Study material Start Marker

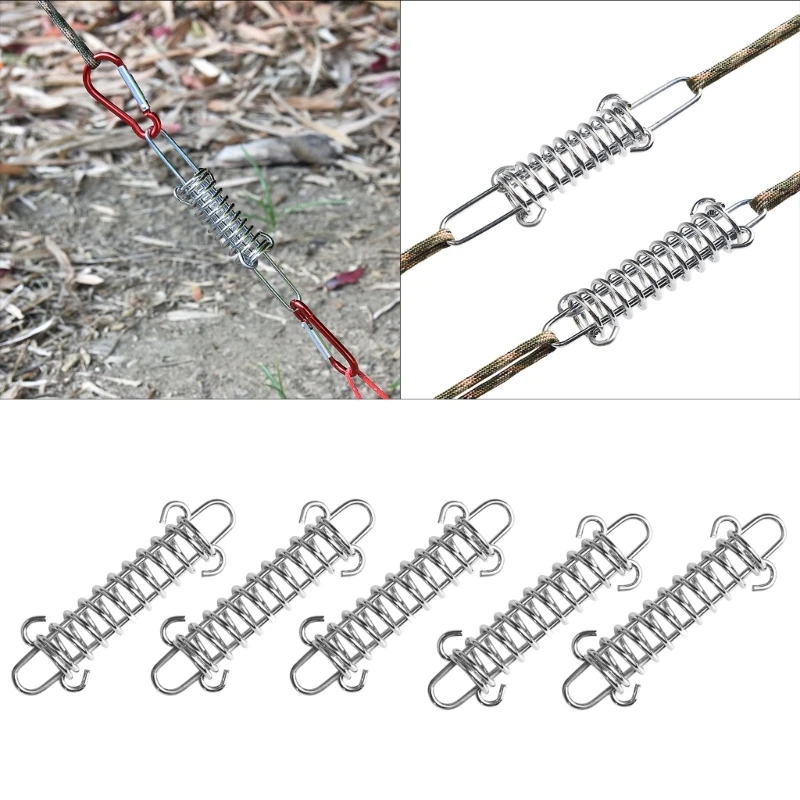 

5PCS Steel Tent Wind Rope Spring Buckle Tent Tensioner Camping Deck Pegs with Carabiner Clips Awning Tightener Fixed Hook
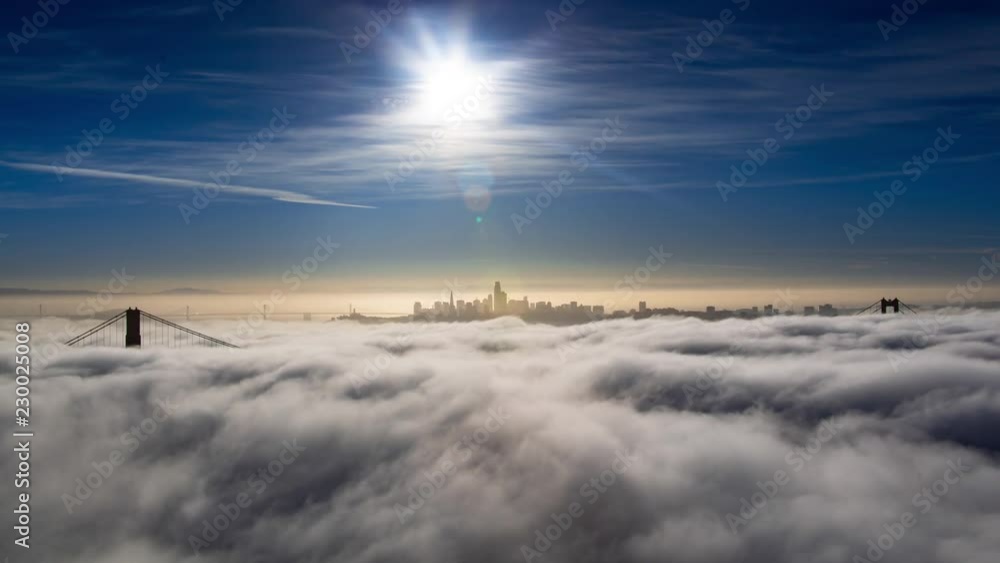Aerial San Francisco Golden Gate Bridge Low Fog Morning Light Time Lapse Aerial San Francisco Golden Gate Bridge Low Fog Morning Light Time Lapse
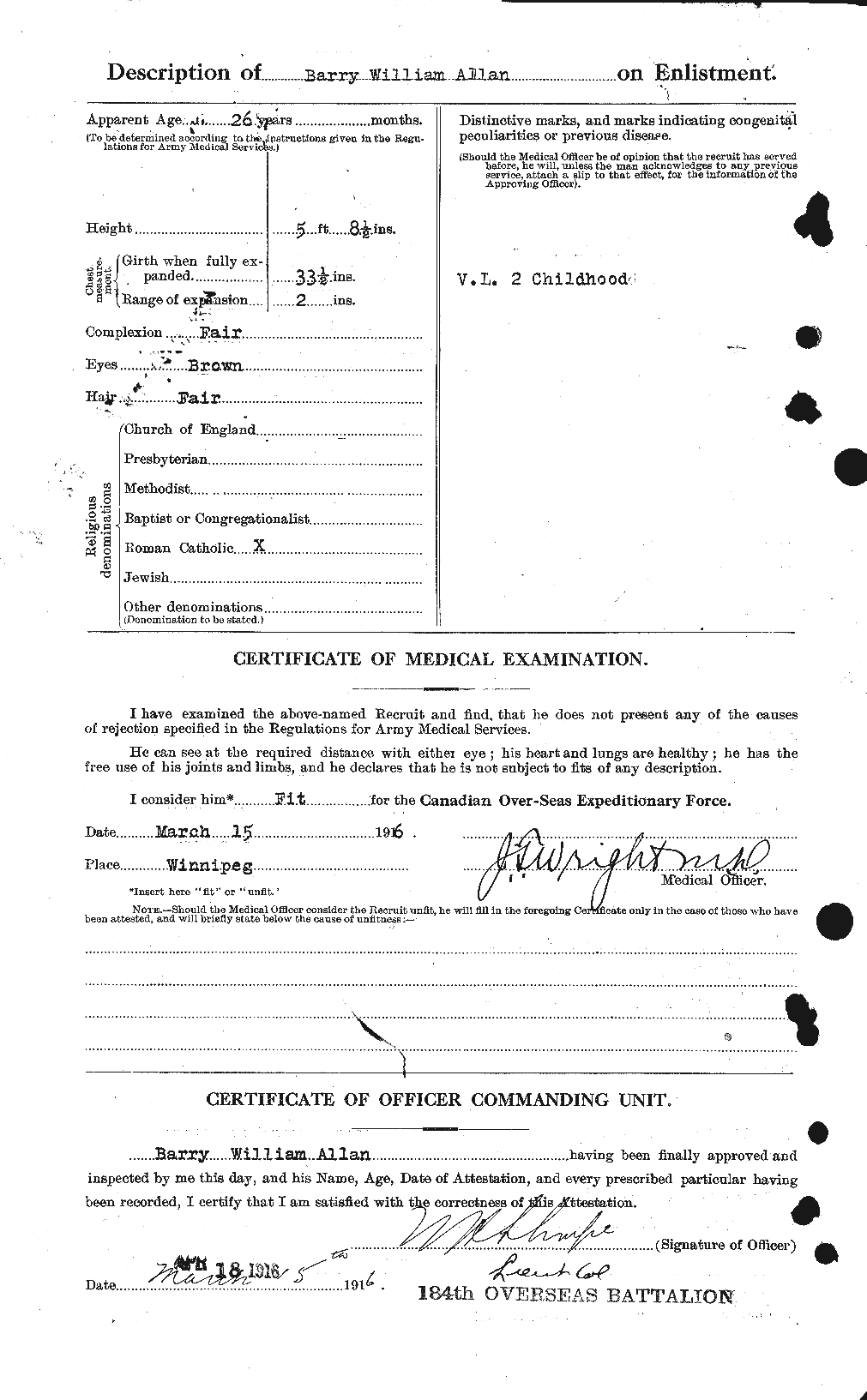 Dossiers du Personnel de la Première Guerre mondiale - CEC 222052b
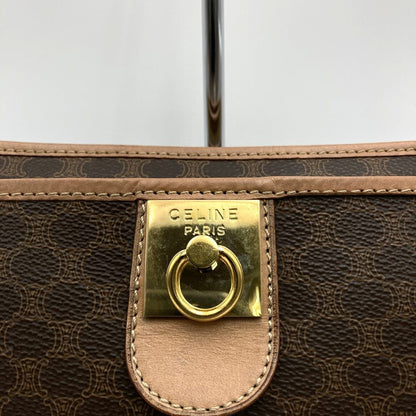CELINE Clutch Bag Second Bag Macadam PVC Leather Brown Authentic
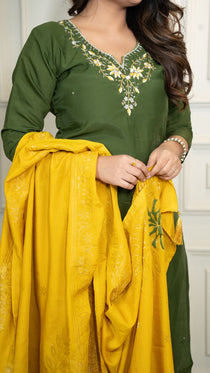 Mehendi Green Roman Silk Embroidered Kurta Set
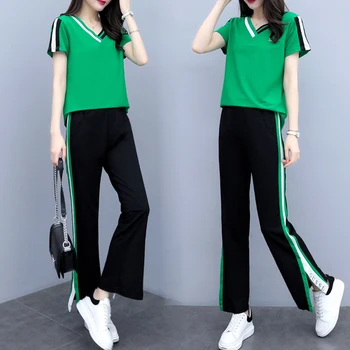

Large Size 5xl Casual Tracksuit Women Leisure Conjunto Feminino Ensemble Femme Deux Pieces Top&pants Set Year-old Female Costume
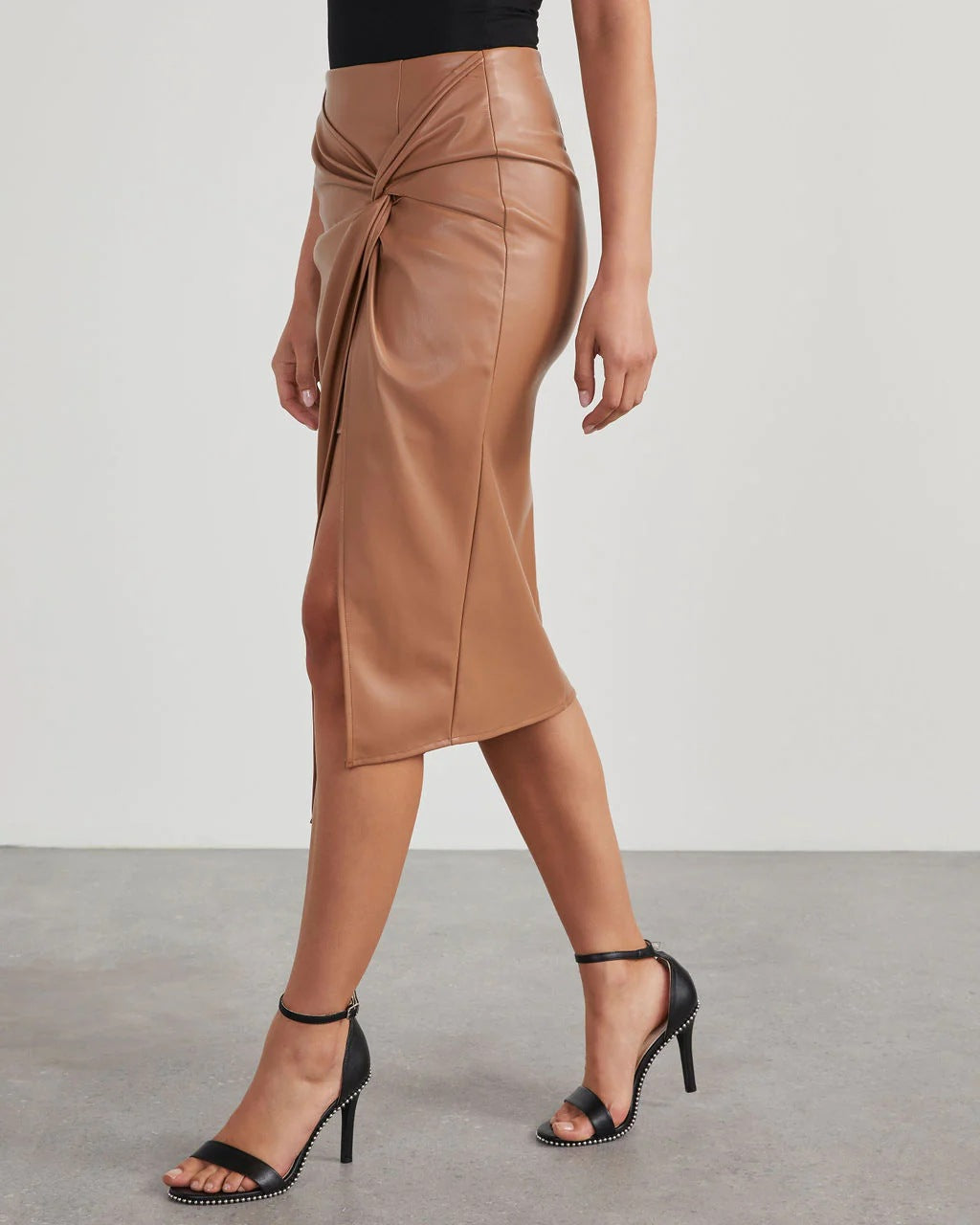 ABBY - Asymmetrical Vegan Leather Skirt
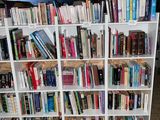 de nombreux livres qui se trouvent sur les étagères de la pièce
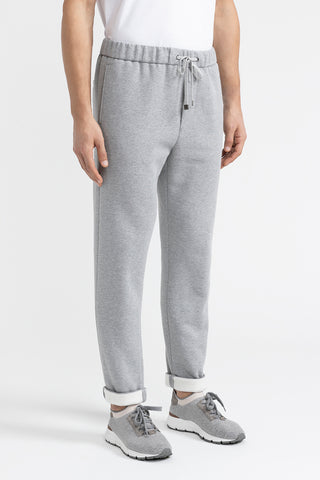 Brushed melange cotton fleece joggers  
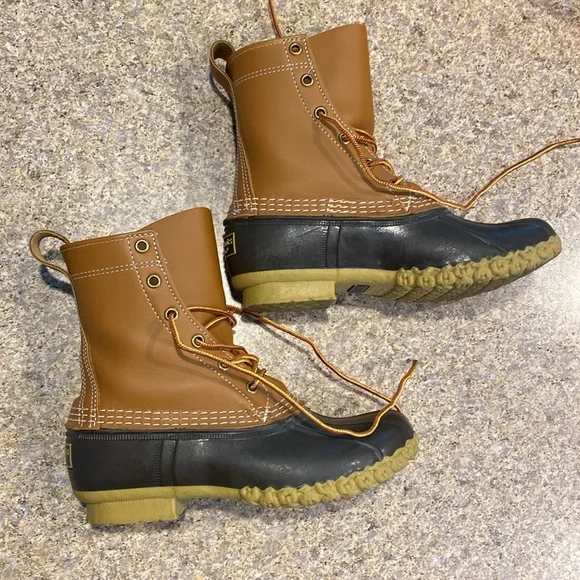 L. L. Bean Boots 8” Tan Brown 6M BM Waterproof Bottoms Duck Boots - Picture 8 of 17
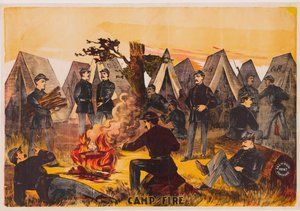 Camp Fire, pub. c1865 colour lithograph by American School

Study material End Marker

▸ Work to be completed:
Print all the records exactly, minus any images.

▸ Response to this task:
5PCS Steel Tent Wind Rope Spring Buckle Tent Tensioner Camping Deck Pegs with Carabiner Clips Awning Tightener Fixed Hook
Aerial San Francisco Golden Gate Bridge Low Fog Morning Light Time Lapse Aerial San Francisco Golden Gate Bridge Low Fog Morning Light Time Lapse
 Dossiers du Personnel de la Première Guerre mondiale - CEC 222052b
CELINE Clutch Bag Second Bag Macadam PVC Leather Brown Authentic
 Mehendi Green Roman Silk Embroidered Kurta Set

Large Size 5xl Casual Tracksuit Women Leisure Conjunto Feminino Ensemble Femme Deux Pieces Top&pants Set Year-old Female Costume
 ABBY - Asymmetrical Vegan Leather Skirt
 de nombreux livres qui se trouvent sur les étagères de la pièce
 Brushed melange cotton fleece joggers  
 L. L. Bean Boots 8” Tan Brown 6M BM Waterproof Bottoms Duck Boots - Picture 8 of 17
 Camp Fire, pub. c1865 colour lithograph by American School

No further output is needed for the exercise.